How to survive on a shrinking market

Whether 2011 was the year in which local advertising agencies took over European creativity festivals, locally, market players had to deal with budgets reshuffling and decreases in prices on the suppliers’ side, as well as a redefining of strategies by media agencies

The 2011 Cannes Festival of Creativity was a Romanian affair, with the local office of BV McCann Erickson winning the first two Grand Prix of the 2011 Cannes Lions Festival of Creativity—in the Promo & Activation and Direct contests—for a sneaky campaign in which it replaced the familiar Romanian flag on the local ROM candy bar with an American flag, sending a country into panic.


With a total of nine ‘lions’ the last two of which were a Titanium – an award given for the best and most innovative idea in the entire festival – and a Gold Lion in the Integrated category, McCann last year set the bar high for any Romanian agency that wanted to impress international audiences.


Later in the year, the same agency scored the Golden Rose – Agency of the Year at the Golden Drum international advertising festival in Portoroz, Slovenia. McCann was awarded for the campaigns it ran for Vodafone (The Wedding, Vodafone Cerebel and Vodafone Chivu) and Kandia Dulce (American Rom).


Creativity was not McCann’s only trump card last year, however, as Universal McCann, the media arm of the advertising group, has regained one of the most coveted after media accounts in Romania: Vodafone.


Estimated at 15 million Euro, the media account for Vodafone, the second telecom operator on the Romanian market and one of the main advertisers in Romania, was handled, from February 2010 until July 2011, by OMD Romania, part of Omnicom, following an international pitch.


The change from McCann to Omnicom was coming after more than ten years in which Vodafone’s media account in Romania (initially Connex on the Romanian market) was handled by Universal McCann.

Omnicom made headlines at the beginning of this year in Romania, as OMD and PHD, part of Omnicom Media Group, and The Group, Romanian communication holding led by Zoltan Szigeti and Mihaela Nicola, forged a partnership through which The Group becomes shareholder in OMD and PHD in Romania.


Given all these changes, how do market players adapt?

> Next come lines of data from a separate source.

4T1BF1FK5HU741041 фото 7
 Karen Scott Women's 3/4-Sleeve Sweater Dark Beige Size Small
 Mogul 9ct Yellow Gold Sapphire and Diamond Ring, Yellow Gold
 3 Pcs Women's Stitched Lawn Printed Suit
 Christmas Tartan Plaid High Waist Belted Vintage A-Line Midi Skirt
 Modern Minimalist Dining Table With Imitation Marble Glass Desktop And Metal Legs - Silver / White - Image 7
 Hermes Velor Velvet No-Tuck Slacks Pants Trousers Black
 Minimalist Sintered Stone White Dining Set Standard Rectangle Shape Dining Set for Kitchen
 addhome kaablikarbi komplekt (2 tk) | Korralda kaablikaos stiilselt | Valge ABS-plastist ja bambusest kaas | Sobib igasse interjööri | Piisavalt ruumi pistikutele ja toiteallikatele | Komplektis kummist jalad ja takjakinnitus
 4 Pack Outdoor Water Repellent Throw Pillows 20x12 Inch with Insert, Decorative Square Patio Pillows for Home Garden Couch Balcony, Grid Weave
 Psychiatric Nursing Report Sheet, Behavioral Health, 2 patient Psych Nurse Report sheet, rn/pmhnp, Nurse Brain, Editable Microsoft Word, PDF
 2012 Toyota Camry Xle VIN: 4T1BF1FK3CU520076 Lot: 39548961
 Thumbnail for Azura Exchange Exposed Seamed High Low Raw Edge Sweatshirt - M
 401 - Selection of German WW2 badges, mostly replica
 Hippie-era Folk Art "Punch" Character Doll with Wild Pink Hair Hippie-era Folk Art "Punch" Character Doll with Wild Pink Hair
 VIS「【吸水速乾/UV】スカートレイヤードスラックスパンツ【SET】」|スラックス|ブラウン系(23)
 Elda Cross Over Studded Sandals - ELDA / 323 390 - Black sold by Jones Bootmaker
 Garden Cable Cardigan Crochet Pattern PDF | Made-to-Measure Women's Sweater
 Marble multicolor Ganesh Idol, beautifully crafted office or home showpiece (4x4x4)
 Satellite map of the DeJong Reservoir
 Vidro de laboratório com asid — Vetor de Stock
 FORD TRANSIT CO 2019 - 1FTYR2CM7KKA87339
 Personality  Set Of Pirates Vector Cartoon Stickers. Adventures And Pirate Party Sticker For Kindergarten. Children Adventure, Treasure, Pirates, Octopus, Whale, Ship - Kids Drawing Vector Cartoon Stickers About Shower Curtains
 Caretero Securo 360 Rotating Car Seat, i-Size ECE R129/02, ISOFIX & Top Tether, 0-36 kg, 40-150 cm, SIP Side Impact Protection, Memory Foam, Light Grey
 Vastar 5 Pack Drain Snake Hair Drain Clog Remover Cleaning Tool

An analysis at the beginning of the year by the Romanian Association for Audiences Measurement (ARMA) compared the first nine months of 2011 to the decrease witnessed in the same period of 2010. ARMA experts estimated that by the end of 2011, media investments would only reach half of the value registered in 2008, which was the peak year in Romanian advertising.


According to ARMA, despite the forecast growth for 2012, most market players think this is not the moment to come out with optimistic scenarios. A recovery in the advertising market should come as a direct consequence of improvement in the economic climate, which, at the time did not hint to values close to those registered in 2008. In regards to Romania’s economic situation, forecasts were made based on an official GDP growth of 3.5 per cent, however, should 2012 not bring any improvements to this end, ARMA was still reserved with regards to a favorable prognosis for the advertising market. There were some views about 2012 being a crisis-free year because it is an election year, which could lead to a possible economic recovery, but with the political tumult Romania has witnessed this summer, all bets are off.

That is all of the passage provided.